▸ **WHAT THE TASK ASKS**
Look through the data below for the line with "Now let's talk" and the line with "I want you to", then transcribe exactly from the first through the second, leaving out all pictures.

▸ **RECORD SET**
[Start of Attachment]

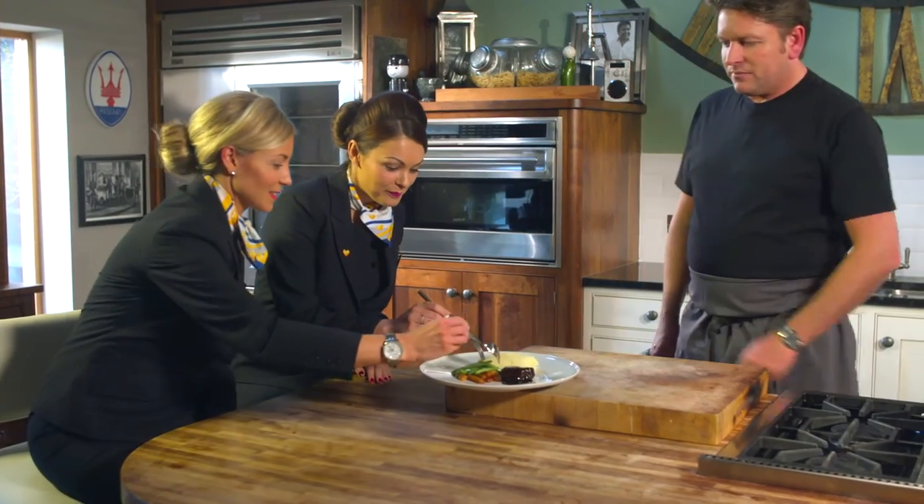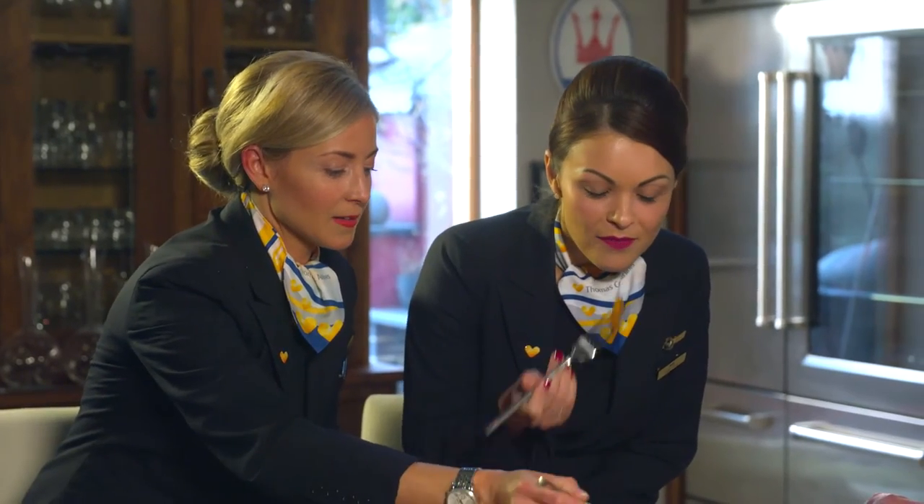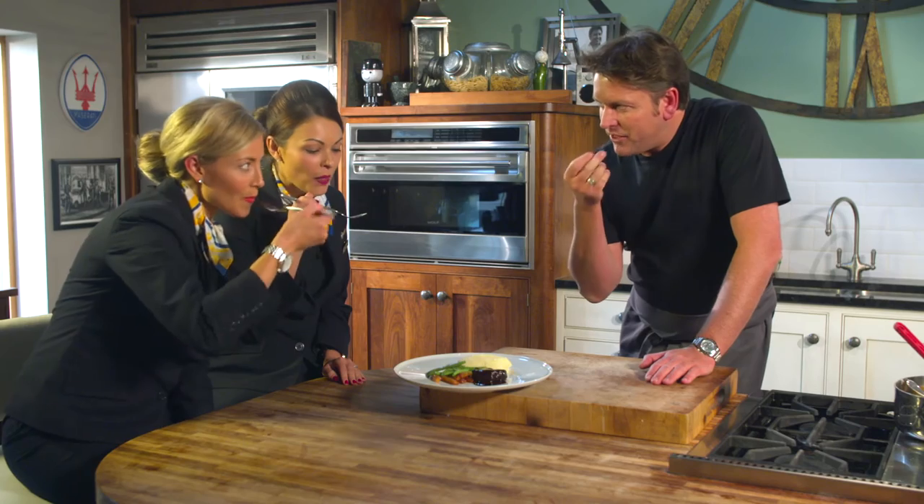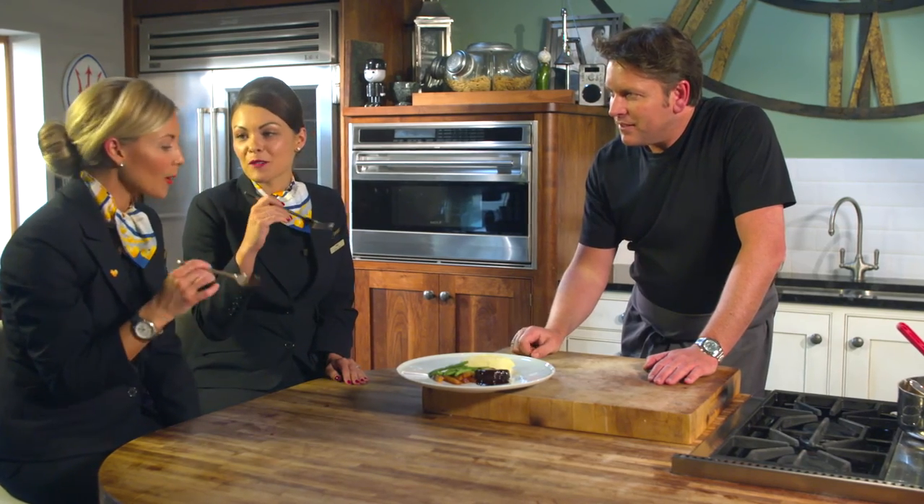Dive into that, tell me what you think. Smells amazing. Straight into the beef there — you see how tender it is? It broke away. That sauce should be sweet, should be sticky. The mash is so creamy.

[End of Attachment]
[Start of Attachment]

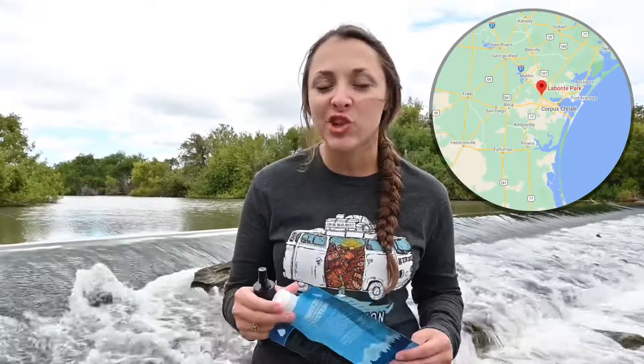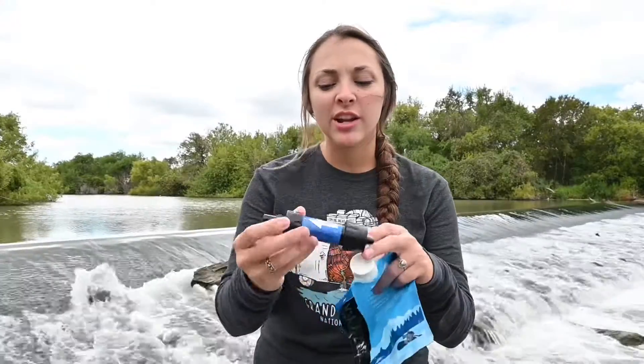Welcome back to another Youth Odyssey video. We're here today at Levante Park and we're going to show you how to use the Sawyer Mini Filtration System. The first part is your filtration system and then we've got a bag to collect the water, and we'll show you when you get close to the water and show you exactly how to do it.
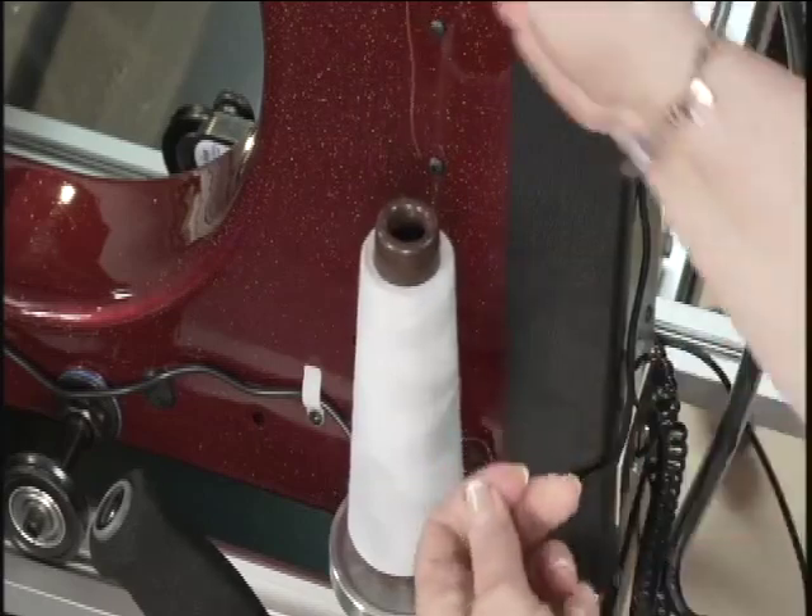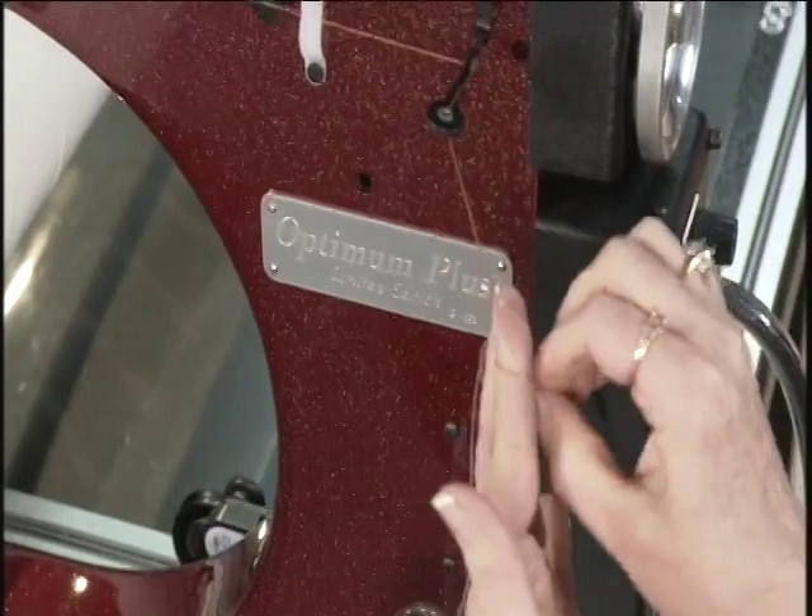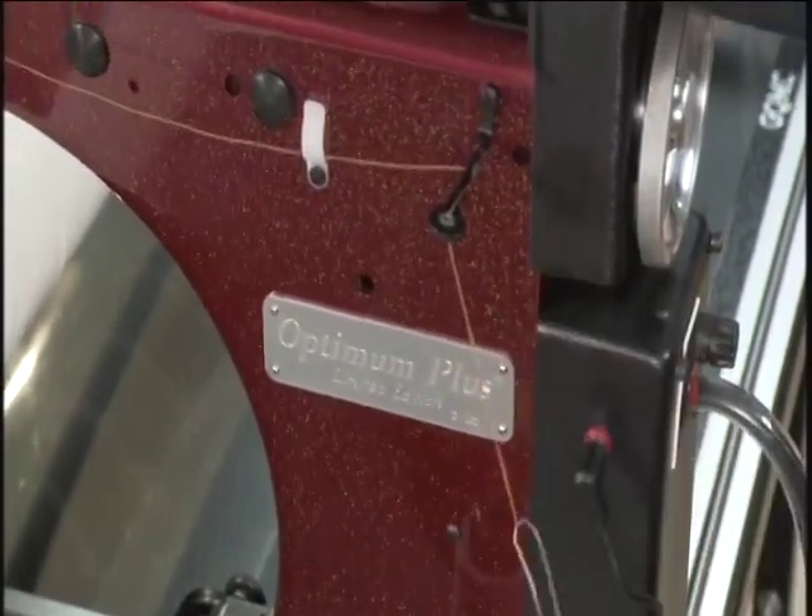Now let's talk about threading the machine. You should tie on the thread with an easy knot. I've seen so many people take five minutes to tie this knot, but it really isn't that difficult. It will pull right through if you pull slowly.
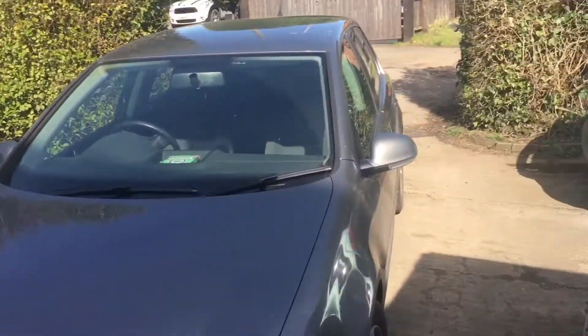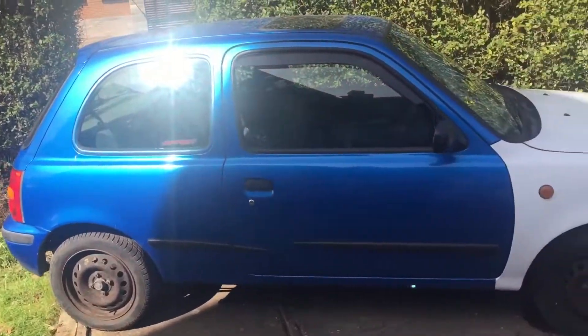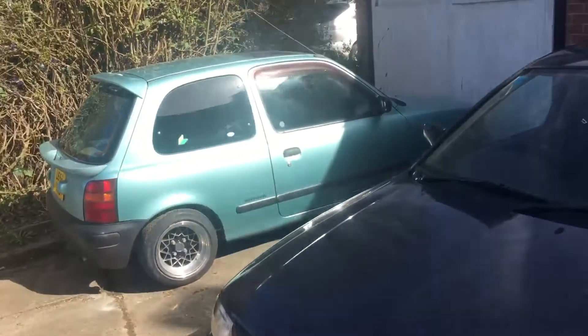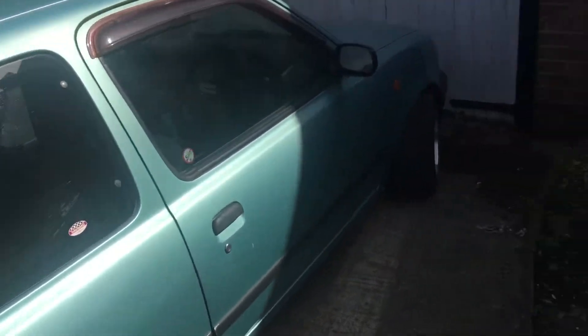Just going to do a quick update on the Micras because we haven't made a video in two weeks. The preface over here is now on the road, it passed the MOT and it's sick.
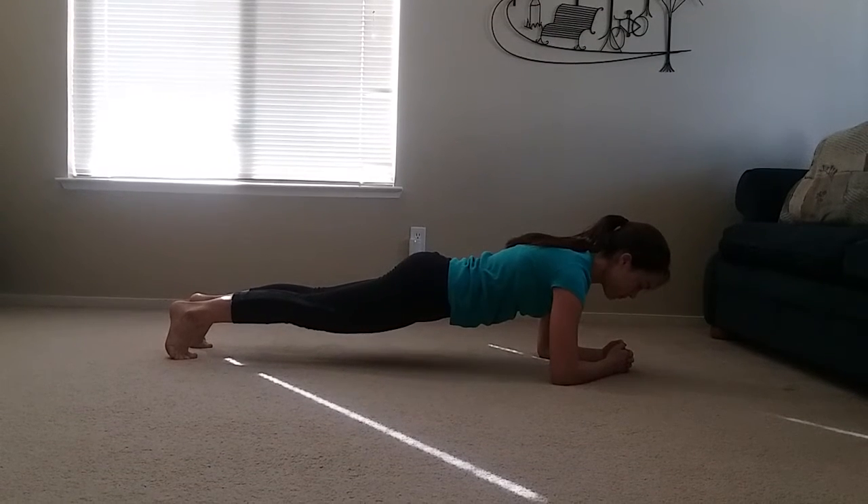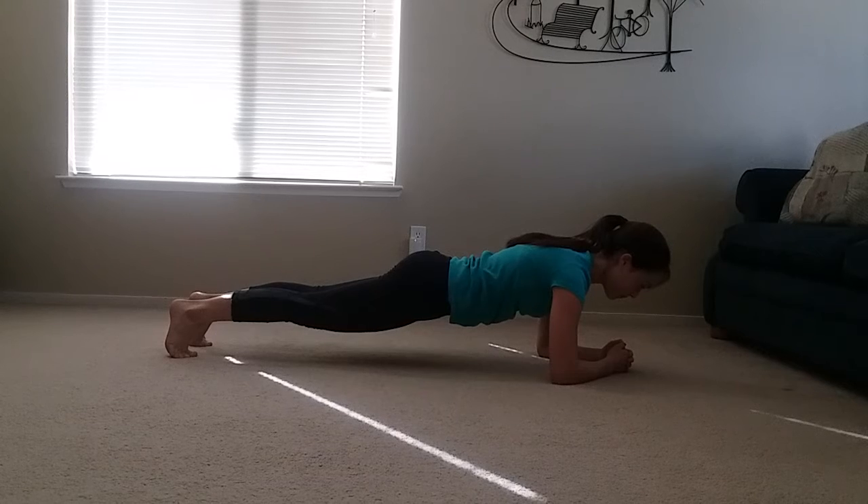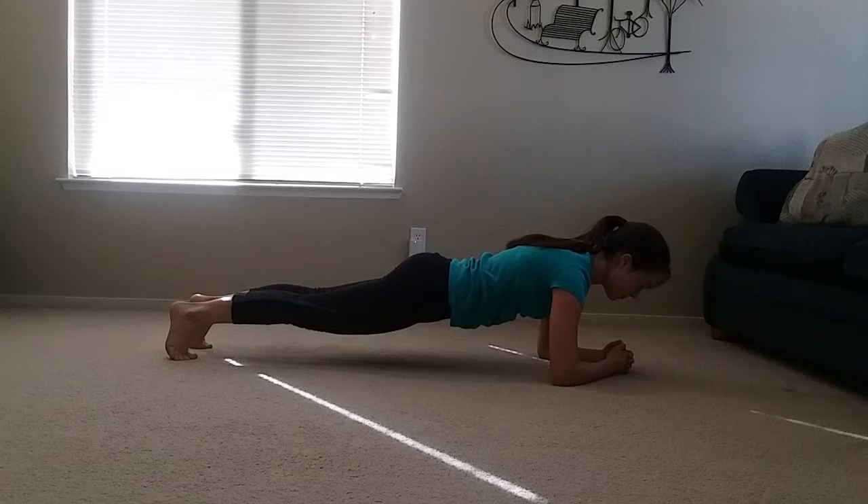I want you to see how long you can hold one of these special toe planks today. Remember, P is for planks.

[End of Attachment]
[Start of Attachment]

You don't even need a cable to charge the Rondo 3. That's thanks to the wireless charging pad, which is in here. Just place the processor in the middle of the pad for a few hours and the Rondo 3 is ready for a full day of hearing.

[End of Attachment]

▸ **SOLUTION TO THE PROBLEM**
Now let's talk about threading the machine. You should tie on the thread with an easy knot. I've seen so many people take five minutes to tie this knot, but it really isn't that difficult. It will pull right through if you pull slowly.
Just going to do a quick update on the Micras because we haven't made a video in two weeks. The preface over here is now on the road, it passed the MOT and it's sick.
I want you to see how long you can hold one of these special toe planks today. Remember, P is for planks.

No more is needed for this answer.